THE PROBLEM:
Find the line in the entries below that contains "MICHAEL MICHAEL KORS". Repeat it exactly, and every line after it through the line that contains "Sun-Ray T Part".

RECORDS:

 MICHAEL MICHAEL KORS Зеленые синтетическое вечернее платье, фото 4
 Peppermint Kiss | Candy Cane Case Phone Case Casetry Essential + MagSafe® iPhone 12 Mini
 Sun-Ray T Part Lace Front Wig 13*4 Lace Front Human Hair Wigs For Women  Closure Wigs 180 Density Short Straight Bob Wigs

* * *

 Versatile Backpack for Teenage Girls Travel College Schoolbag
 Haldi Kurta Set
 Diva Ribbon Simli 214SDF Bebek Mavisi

* * *

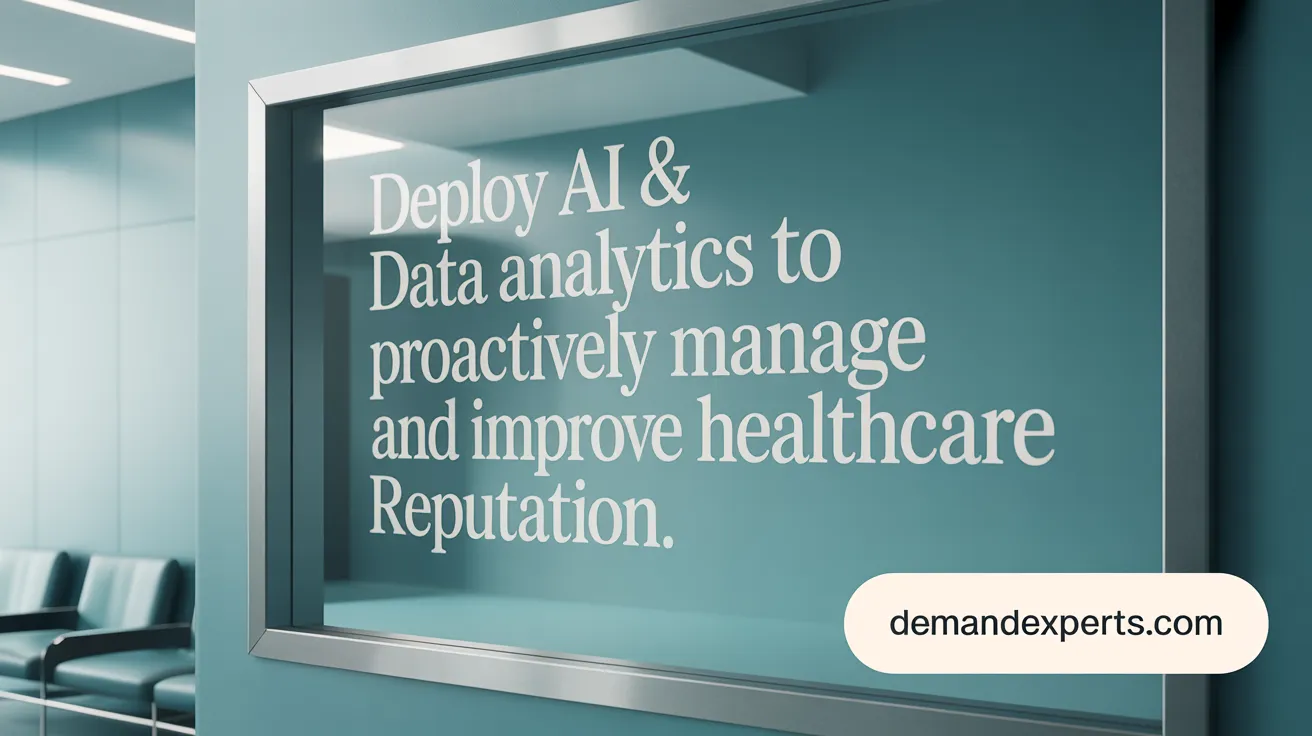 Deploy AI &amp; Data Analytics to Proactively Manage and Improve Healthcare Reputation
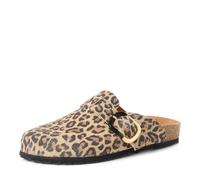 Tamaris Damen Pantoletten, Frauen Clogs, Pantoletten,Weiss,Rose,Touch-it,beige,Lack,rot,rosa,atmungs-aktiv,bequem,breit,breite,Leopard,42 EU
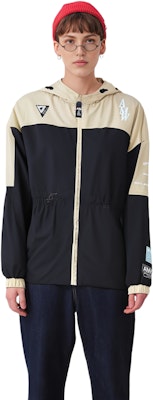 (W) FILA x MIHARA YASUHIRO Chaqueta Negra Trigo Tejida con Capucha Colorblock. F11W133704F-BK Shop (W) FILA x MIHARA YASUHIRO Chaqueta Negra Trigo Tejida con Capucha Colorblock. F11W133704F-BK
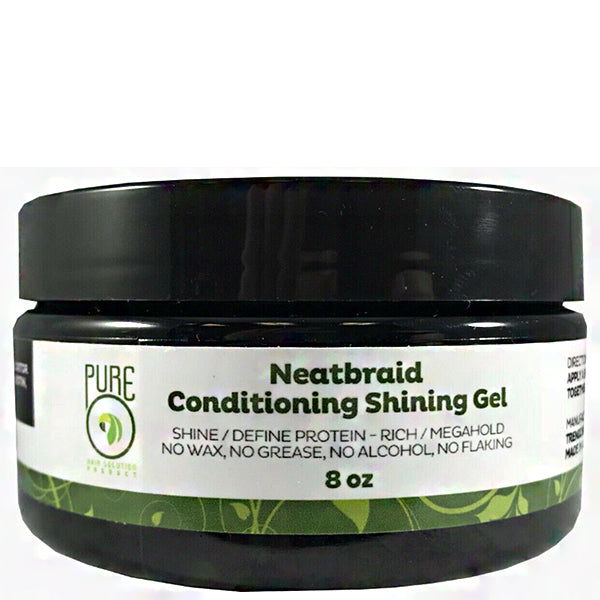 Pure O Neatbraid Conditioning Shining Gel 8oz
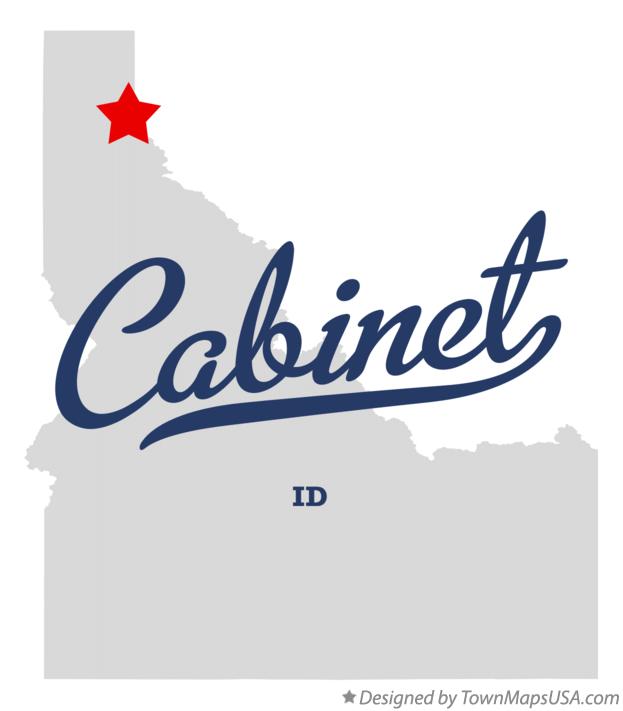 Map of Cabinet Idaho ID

RESULT OF THE TASK:
 MICHAEL MICHAEL KORS Зеленые синтетическое вечернее платье, фото 4
 Peppermint Kiss | Candy Cane Case Phone Case Casetry Essential + MagSafe® iPhone 12 Mini
 Sun-Ray T Part Lace Front Wig 13*4 Lace Front Human Hair Wigs For Women  Closure Wigs 180 Density Short Straight Bob Wigs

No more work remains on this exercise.